Little things he has done over the course of the year to try to rest and relax? Listening to Rick Ross was a favorite for that. "Not super-hyped," he said.
For all his breathtaking skills, Reddish isn't claiming to be a finished basketball product. He works with a personal trainer, Pooh Evans, older brother of NBA guard Tyreke Evans. Asked what he needs to improve on, Reddish immediately said his motor and his defense. He could get away with gliding a bit during high school games, he said, but knows that won't be true at the next level.
Acknowledging that he has never seen a player as busy as Reddish was this summer, his Team Final coach, Aaron Burt, said the talent is something else. It's not that the game has come too easily for Reddish as much as his skills all showed up early. He hasput in the work.
"Cameron can make a shot with his left hand, going around his back, sitting from halfcourt," Burt said. "Now, he has to focus and hone in. If he does that, this kid can be one of the best to ever play the game of basketball."
Keeping away from the court also only went so far. Zanthia Reddish, a Norristown High graduate, is an elementary school principal in the Methacton School District. Her son, who went to the Haverford School as a freshman before transferring to Westtown, can get in there to shoot around. She was surprised to see him show up in recent days.

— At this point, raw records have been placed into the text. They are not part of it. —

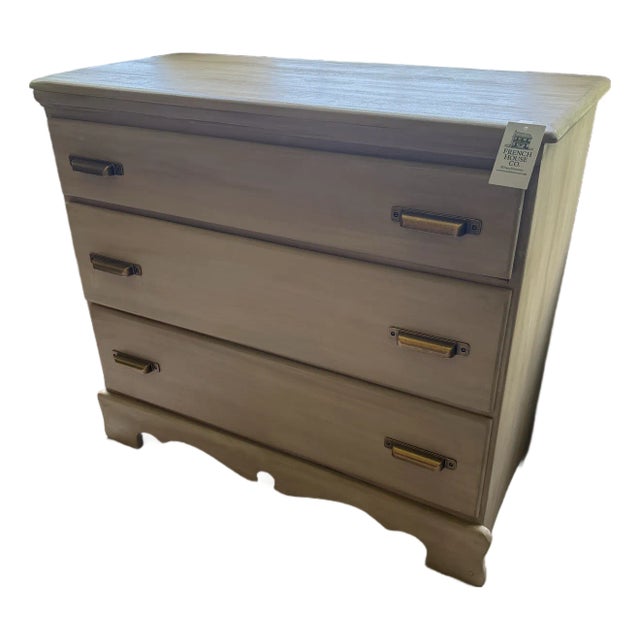 Refinished Antique French Chest of Drawers For Sale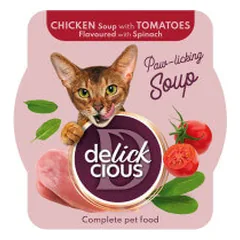 Delickcious Soup sriuba su vištiena, pomidorais ir špinatais katėms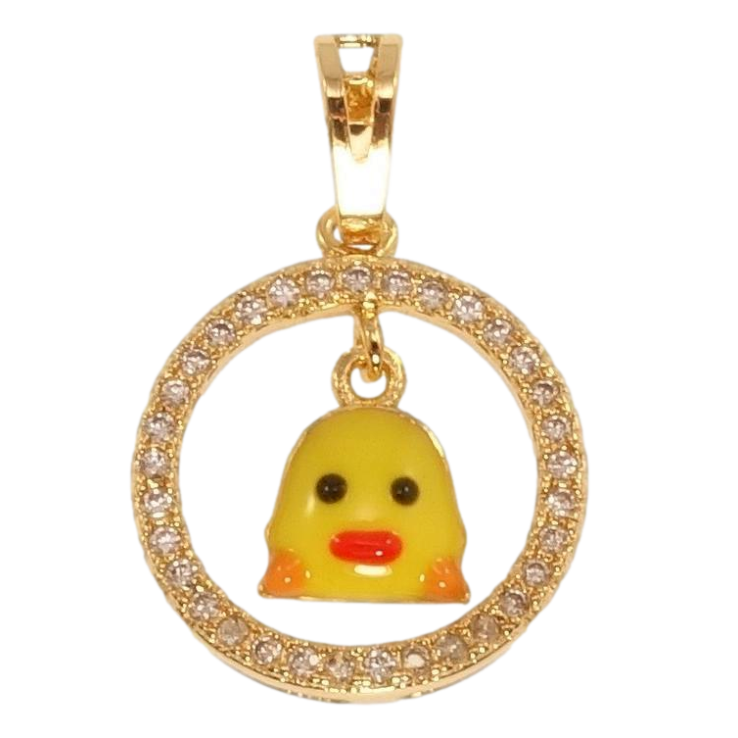 Кулон дитячий Xuping Позолота 18K Колечко з курчам фото №15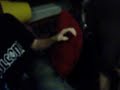 Two Jackass boys screw around with a tredmill.
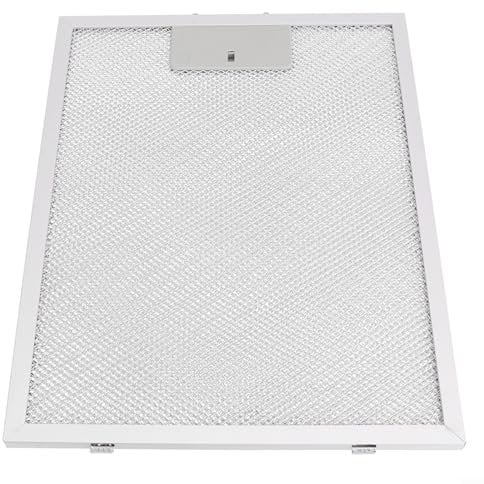 PETSTIBLE Universal Cooktop Cover Metal Mesh Grease Filter, Kitchen Exhaust Fan (silver,322 X 249 X 9Mm)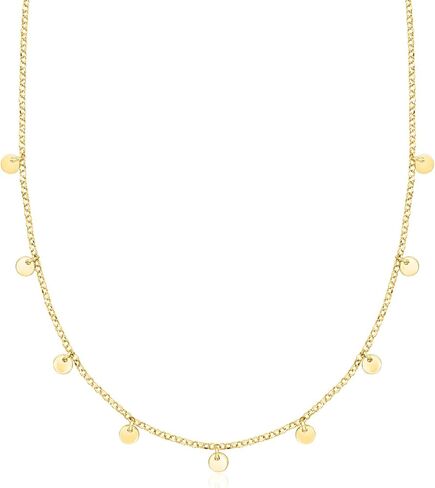 Pure Collection by Ross-Simons Italian 18kt Gold Vermeil Disc Station Necklace. 16 inches in Saudi Arabia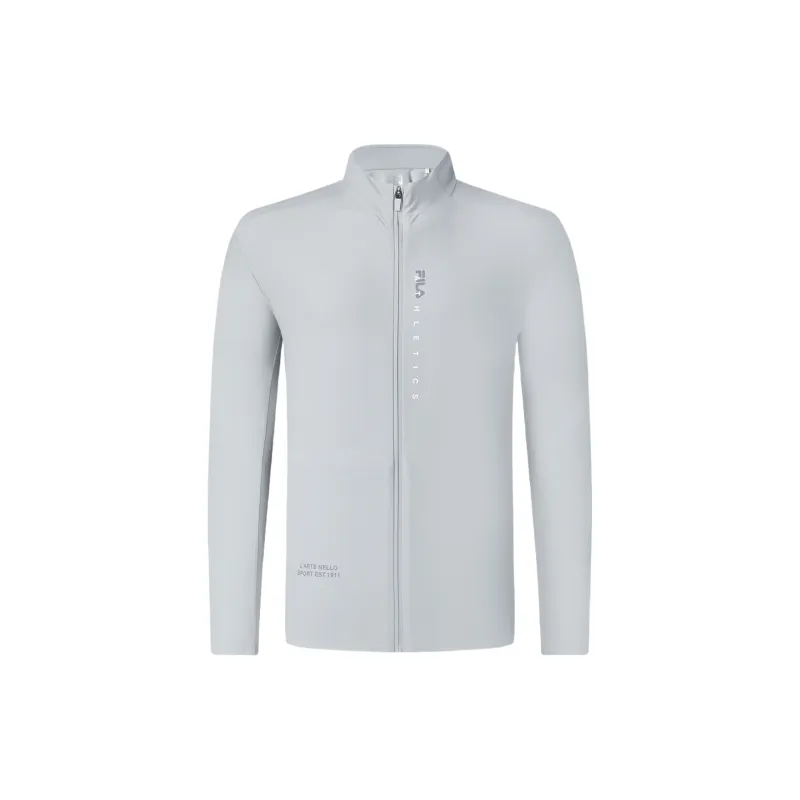 FILA Knitwear Men's Stone Mineral Gray-2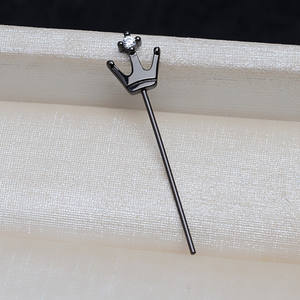 Accesorio Versátil de Plata S925 Hecho a Mano, con Forma de Varita de Mago y Corona, para Abalorios Barrocos, Componentes de Joyería Hueca - Product Image 3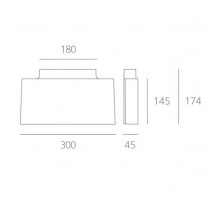 Riferimento dimensioni Applique Surf Parete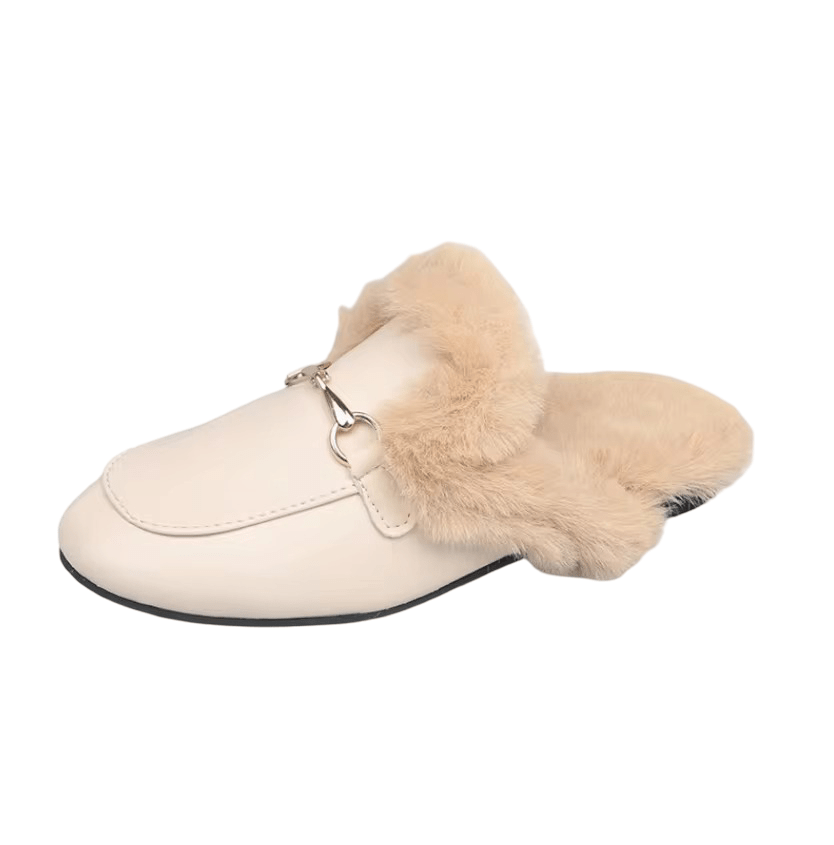 Warm Thicken Plush Fur Slippers Warm Thicken Plush Fur Slippers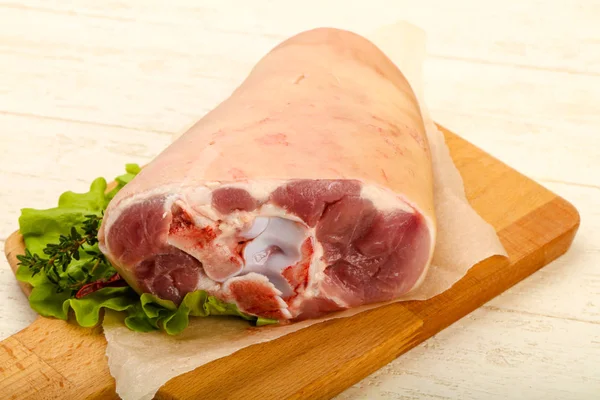 Raw Fat Pork Knee Ready Cooking — Stock Photo, Image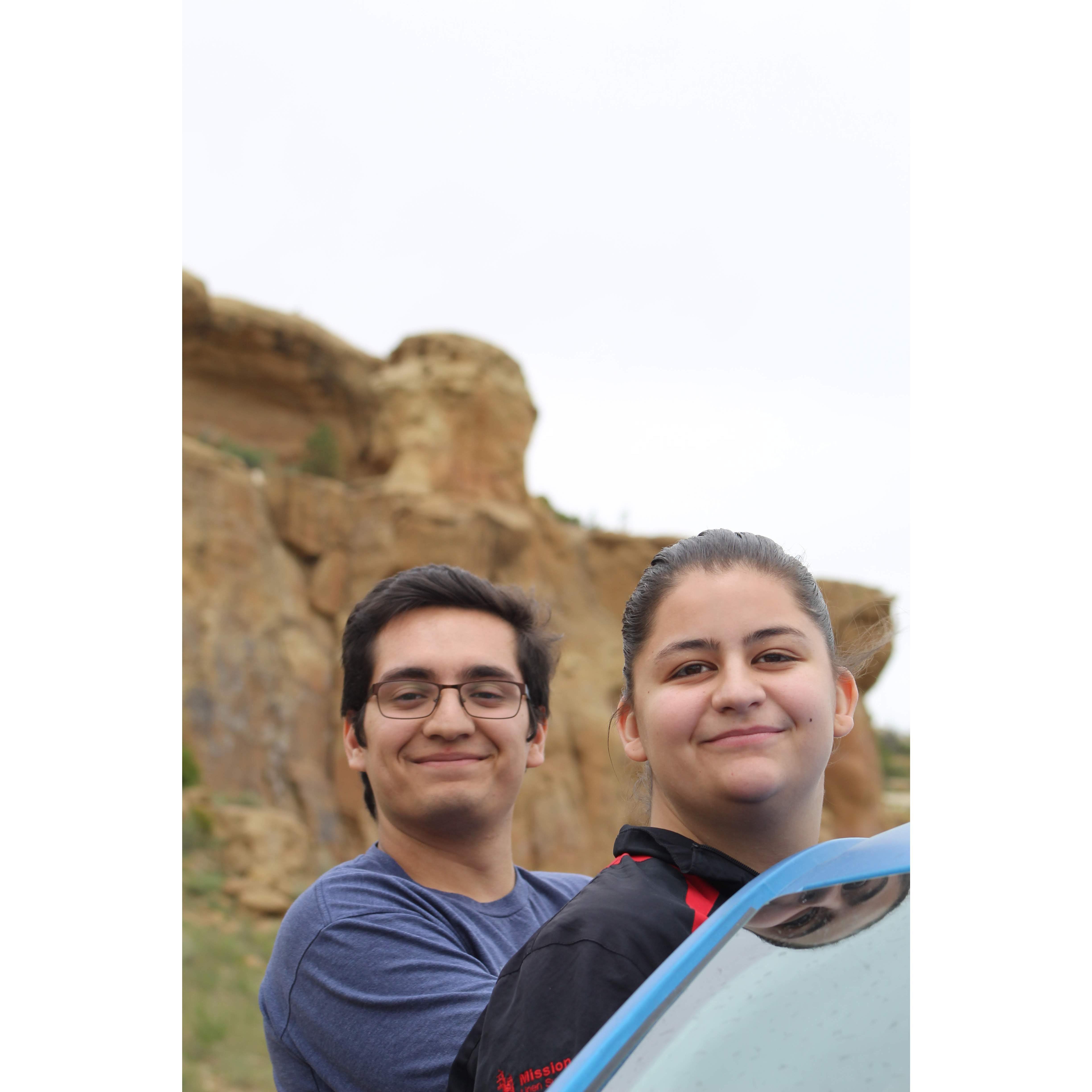 Visiting family in New Mexico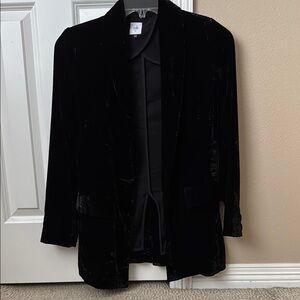 Cabi special edition black velvet blazer XS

Their driveway wasn't a current option. The rim was gone. There was a backboard, and the court itself was well worn, paint thinning. No rim?
Cam's brother Aaron, starting his freshman year at Westtown, identified himself as the culprit. This summer, Aaron went up for a dunk, the rim came off. "Boom," Aaron said.
"That basketball court has been through a lot," their mother said. "When we built this home, that's one of the first things we did, was put a basketball court in. The house wasn't even settled, in 2004. And so it began."